BN’s attacks on Sarawak Report backfired, says editor


The Malaysian Insight

BARISAN Nasional’s attacks on whistleblower website Sarawak Report over its 1Malaysia Development Berhad exposés were ultimately counterproductive and caused the coalition’s defeat, said its editor, Clare Rewcastle-Brown.

The British journalist, who is in Malaysia for a visit, said the attacks only served to raise awareness about the articles and the corruption claims against former prime minister Najib Razak.

“A lot of the attacks on me were designed to intimidate people from talking to me. That was quite successful.

“But, in the process, they heightened the profile of what I was campaigning about and showed what kind of government they were and what they were capable of.

“They annoyed a lot of people because it was disruptive and unnecessary behaviour and people felt they were denied the information which they would make their judgment on,” Rewcastle-Brown said in an interview.

“The proof was in the pudding and they ended (up) with a crushing defeat. The way they treated me and others showed that it was counterproductive.”

Rewcastle-Brown had been accused by former inspector-general of police Khalid Abu Bakar of tarnishing Malaysia’s reputation with her reports on the 1MDB scandal.

Khalid, who was slapped with a travel ban last week after the new Pakatan Harapan government reopened investigations into 1MDB, placed her under the Aseanapol wanted list and said the police would be applying for an order under Interpol, too.

The Sarawak Report website was also blocked by the Malaysian Communications and Multimedia Commission. The block has been lifted under the new government.

Besides exposing the 1MDB scandal with a trail of internal emails between the state investment firm and several individuals, the whistleblower site also alleged that Najib had paid lawyer Shafee Abdullah RM9.5 million.

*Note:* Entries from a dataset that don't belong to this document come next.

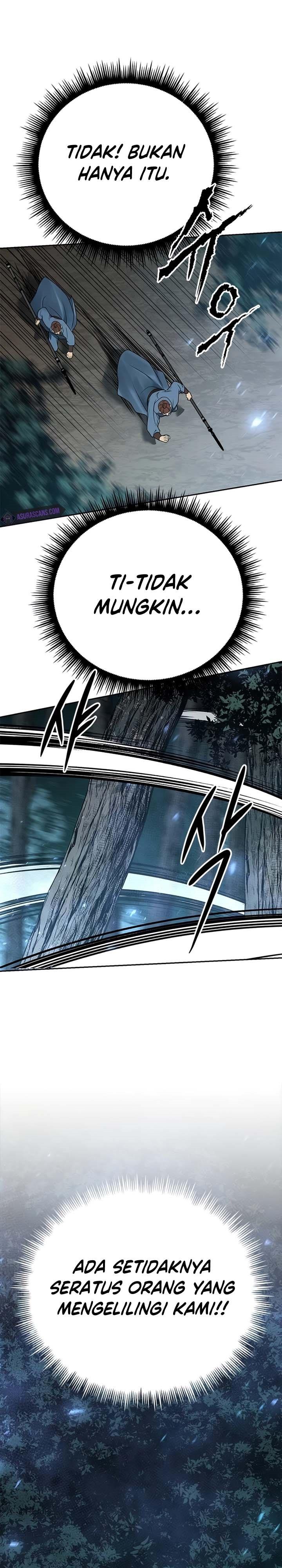 Chronicles of the Demon Faction Chap 64 - Next Chap 65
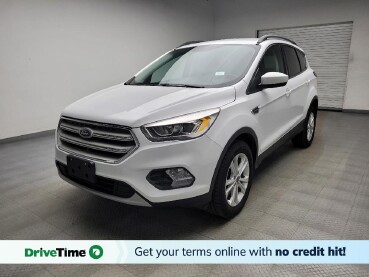 2019 Ford Escape in Taylor, MI 48180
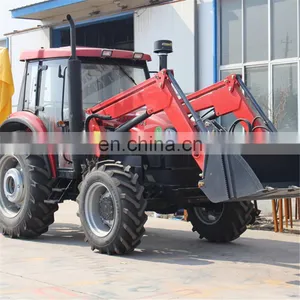 Chinese Deutz Engine Wheel Loaders ZL30 Harbor Mobile Cranes thumbnail-3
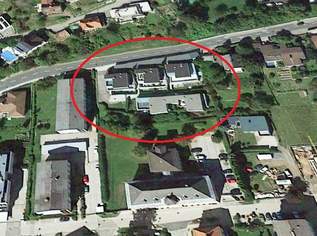 traumhafte Eigentumswohnung 132 m² samt Dachterrasse, Carport und Blick über St. Veit/Glan, 400000 €, Immobilien-Wohnungen in 9300 Sankt Veit an der Glan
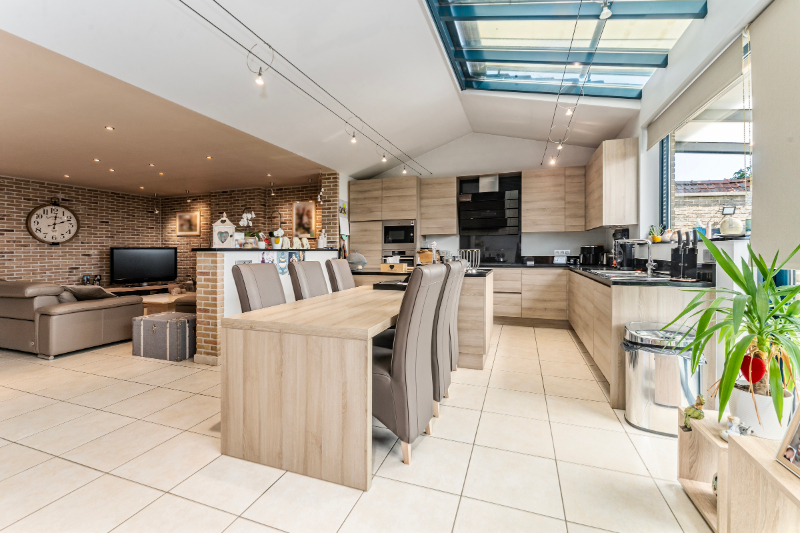 House for sale in Zwevegem with 3 bedrooms - photo 5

Shafee was the lead prosecutor appointed by the Malaysian government to act in the second sodomy trial of opposition leader Anwar Ibrahim.

Sarawak Report, in an article on May 31, said the money came from the bank account “that had been identified as having been funded by money stolen by the prime minister from the 1MDB subsidiary SRC, which had borrowed some RM4 billion from the civil service pension fund KWAP (Retirement Fund Inc)”.

Sarawak Report also alleged that top PAS leaders had received RM90 million from Umno, for which Rewcastle-Brown is being sued by party president Abdul Hadi Awang. – May 21, 2018.